Short web captions:
::::::

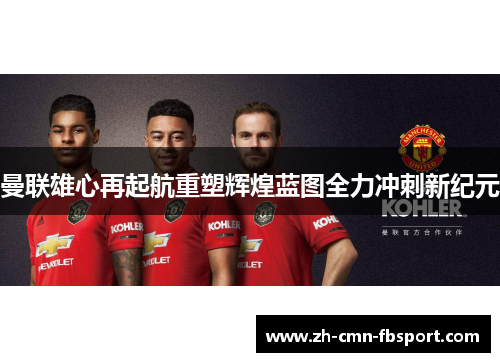 曼联雄心再起航重塑辉煌蓝图全力冲刺新纪元 曼联雄心再起航重塑辉煌蓝图全力冲刺新纪元
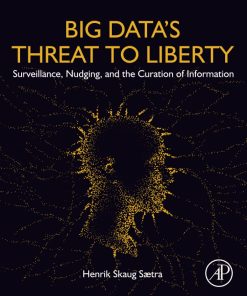 Big Data's Threat to Liberty: Surveillance, Nudging, and the Curation of Information 1st Edition Henrik Skaug Saetra - eBook PDF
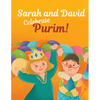 Sarah and David Celebrate Purim!: An Introductory Storybook About the Jewish Holiday for Toddlers and Kids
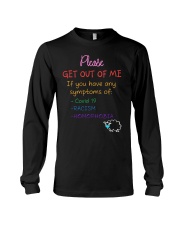 Please Get Out Of Me Long Sleeve Tee tile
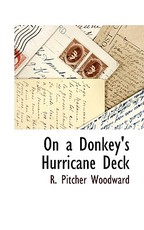 On a Donkey's Hurricane Deck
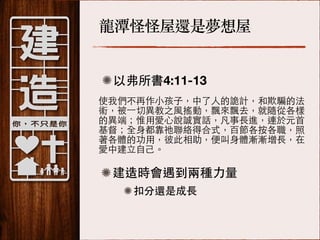 龍潭怪怪屋還是夢想屋
以弗所書4:11-13
使我們不再作⼩小孩⼦子，中了⼈人的詭計，和欺騙的法
術，被⼀一切異教之⾵風搖動，飄來飄去，就隨從各樣
的異端；惟⽤用愛⼼心說誠實話，凡事⻑⾧長進，連於元⾸首
基督；全⾝身都靠祂聯絡得合式，百節各按各職，照
著各體的功⽤用，彼此相助，便叫⾝身體漸漸增⻑⾧長，在
愛中建⽴立⾃自⼰己。!
!

建造時會遇到兩種⼒力量
扣分還是成⻑⾧長

 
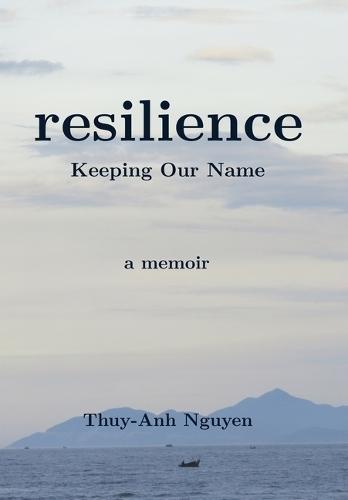 resilience: Keeping Our Name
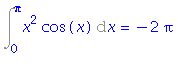 Int(x^2*cos(x), x = 0 .. Pi) = -2*Pi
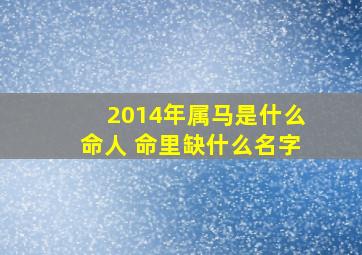 2014年属马是什么命人 命里缺什么名字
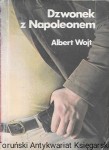 Dzwonek z Napoleonem  / Albert Wojt 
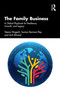 The Family Business (A Global Playbook for Resilience, Growth, and Legacy) by Veena Hingarh, Suman Barman Roy, Arif Ahmed, 9781041315902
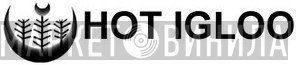 Hot Igloo - Винил CD и Кассеты лейбла Hot Igloo на сайте МаркетВинила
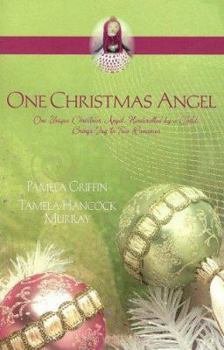 Paperback One Christmas Angel: One Unique Christmas Angel, Handcrafted by a Child, Brings Joy to Two Romances Book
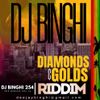 DIAMONDS & GOLDS RIDDIM MIX DJ BINGHI 254 ( THE RADICS VOL 13 ) ( 13 07 2022)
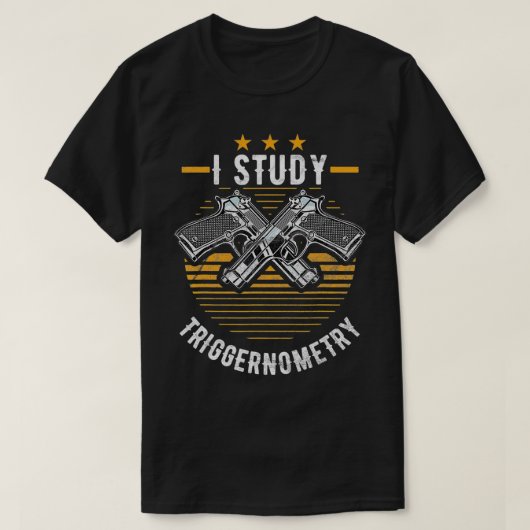 I Study Triggernometry Pistool Gifts T-shirt (Design voorkant)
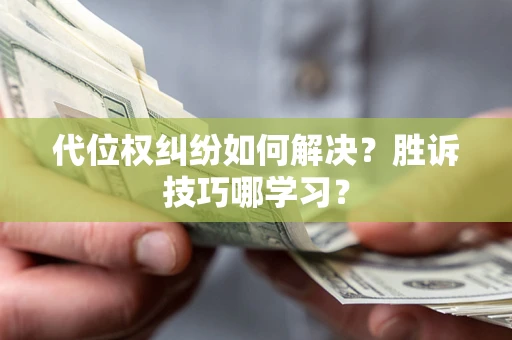 济南代位权纠纷如何解决？胜诉技巧哪学习？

::::::

The records above must be retyped exactly. Please omit the pictures.

 曼联雄心再起航重塑辉煌蓝图全力冲刺新纪元 曼联雄心再起航重塑辉煌蓝图全力冲刺新纪元
 Big Data's Threat to Liberty: Surveillance, Nudging, and the Curation of Information 1st Edition Henrik Skaug Saetra - eBook PDF
 Sarah and David Celebrate Purim!: An Introductory Storybook About the Jewish Holiday for Toddlers and Kids
 Please Get Out Of Me Long Sleeve Tee tile
 On a Donkey's Hurricane Deck
 龍潭怪怪屋還是夢想屋
以弗所書4:11-13
使我們不再作⼩小孩⼦子，中了⼈人的詭計，和欺騙的法
術，被⼀一切異教之⾵風搖動，飄來飄去，就隨從各樣
的異端；惟⽤用愛⼼心說誠實話，凡事⻑⾧長進，連於元⾸首
基督；全⾝身都靠祂聯絡得合式，百節各按各職，照
著各體的功⽤用，彼此相助，便叫⾝身體漸漸增⻑⾧長，在
愛中建⽴立⾃自⼰己。!
!

建造時會遇到兩種⼒力量
扣分還是成⻑⾧長

 
 resilience: Keeping Our Name
 Int(x^2*cos(x), x = 0 .. Pi) = -2*Pi
 2014年属马是什么命人 命里缺什么名字
 Dzwonek z Napoleonem  / Albert Wojt 
 The Family Business (A Global Playbook for Resilience, Growth, and Legacy) by Veena Hingarh, Suman Barman Roy, Arif Ahmed, 9781041315902
 Hot Igloo - Винил CD и Кассеты лейбла Hot Igloo на сайте МаркетВинила
 Paperback One Christmas Angel: One Unique Christmas Angel, Handcrafted by a Child, Brings Joy to Two Romances Book
 DIAMONDS & GOLDS RIDDIM MIX DJ BINGHI 254 ( THE RADICS VOL 13 ) ( 13 07 2022)
 I Study Triggernometry Pistool Gifts T-shirt (Design voorkant)
 济南代位权纠纷如何解决？胜诉技巧哪学习？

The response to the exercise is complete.